++++ Material for this exercise ++++

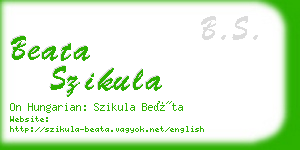 beata szikula business card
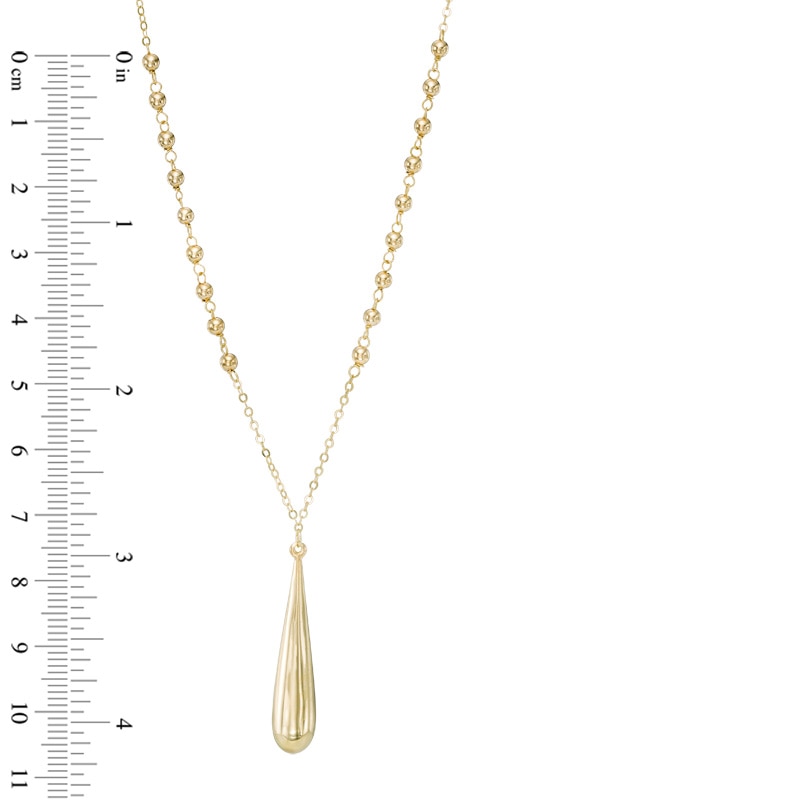 Main Image 2 of Elongated Teardrop with Beads Pendant in 14K Gold - 17&quot;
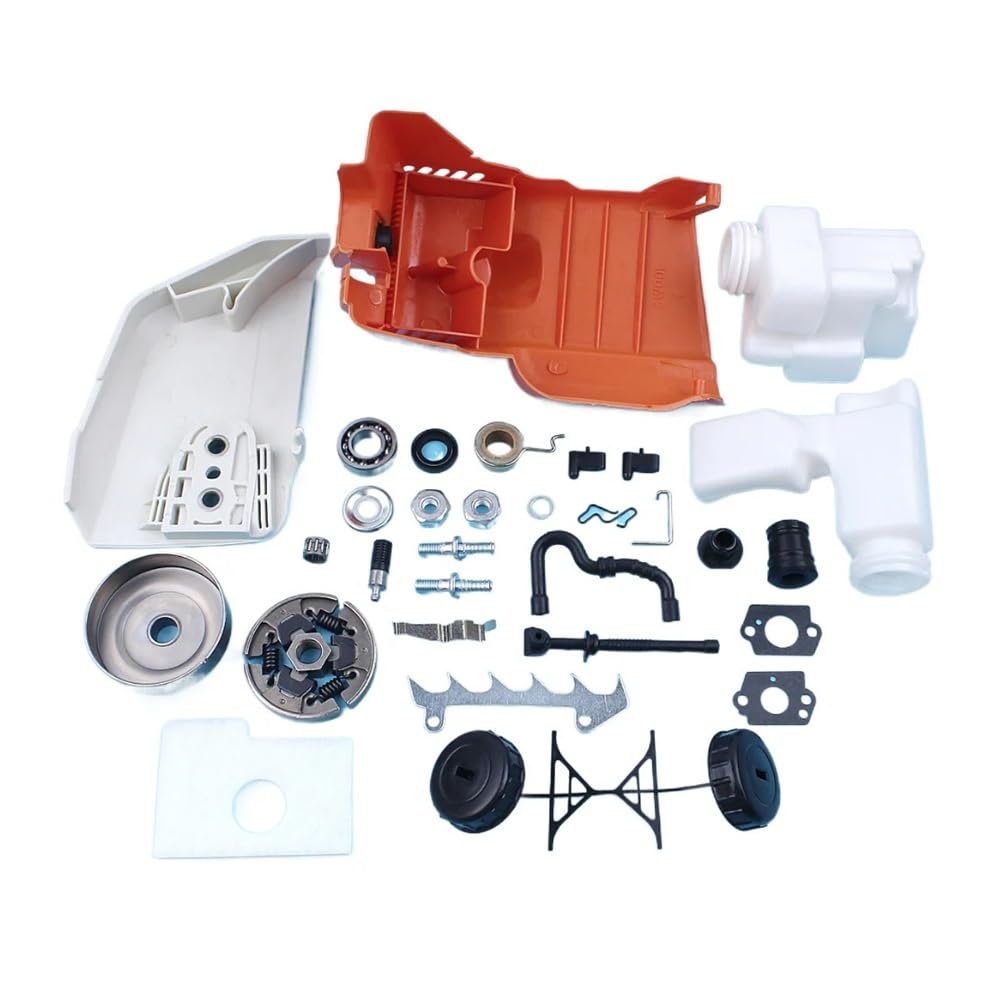 Cubierta de piñón de Embrague, Kit de Tapa de Filtro de Aire y Combustible de Tambor de Embrague Apto for Motosierra 017 018 MS170 MS180 con Engranaje Wrom de línea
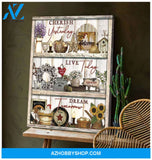 Farm Farmhouse Cherish Yesterday Live Today Dream Tomorrow Canvas Wall Art Decor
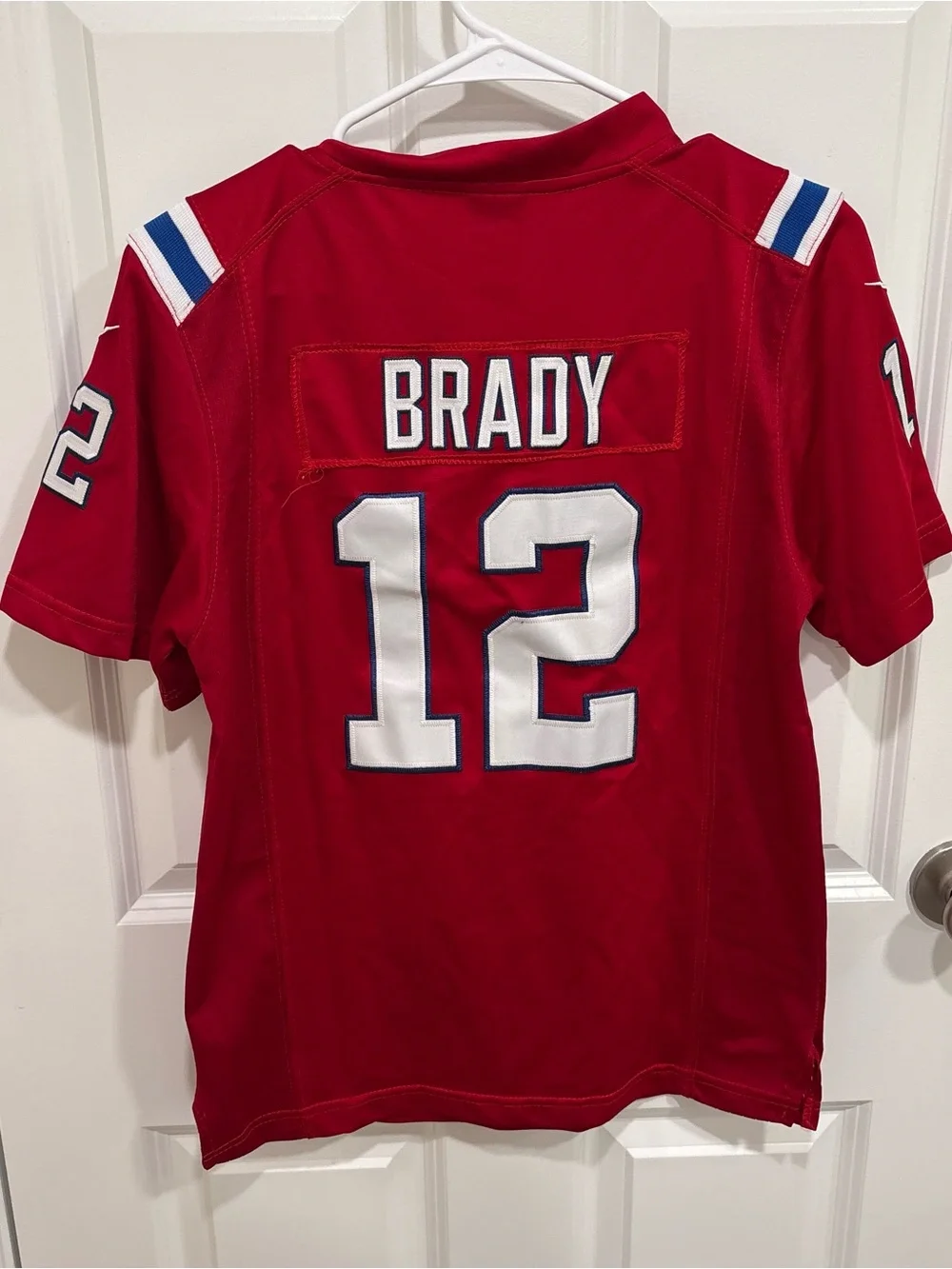 Nike Tom Brady #12 New England Patriots Red Retro Football Jersey Boys Large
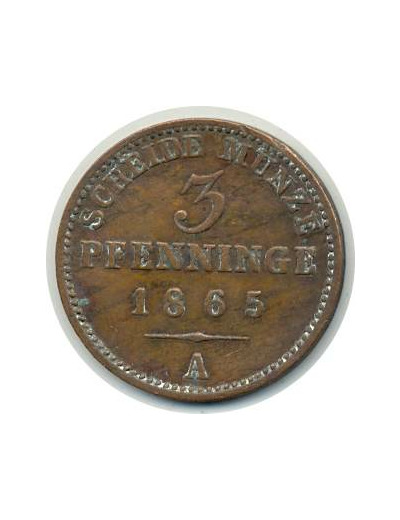 ALLEMAGNE PRUSSE 3 PFENNIG 1865 A TTB (W482)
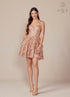 CLEARANCE - Nox Anabel E914 Short Applique Tiered A-Line Rose Gold Dress (Size 6, 12) by DiscountDressShop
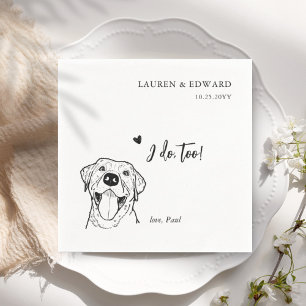 Cute I Do Too Labrado Retriever Dog Wedding Napkin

++++

Work instruction:
Each entry above is to be written out again unchanged, apart from the pictures, which are left out.

Response to this task:
 beata szikula business card
 Main Image 2 of Elongated Teardrop with Beads Pendant in 14K Gold - 17&quot;
 Cubierta de piñón de Embrague, Kit de Tapa de Filtro de Aire y Combustible de Tambor de Embrague Apto for Motosierra 017 018 MS170 MS180 con Engranaje Wrom de línea
 Farm Farmhouse Cherish Yesterday Live Today Dream Tomorrow Canvas Wall Art Decor
 Nike Tom Brady #12 New England Patriots Red Retro Football Jersey Boys Large
 ALLEMAGNE PRUSSE 3 PFENNIG 1865 A TTB (W482)
 CLEARANCE - Nox Anabel E914 Short Applique Tiered A-Line Rose Gold Dress (Size 6, 12) by DiscountDressShop
 Cute I Do Too Labrado Retriever Dog Wedding Napkin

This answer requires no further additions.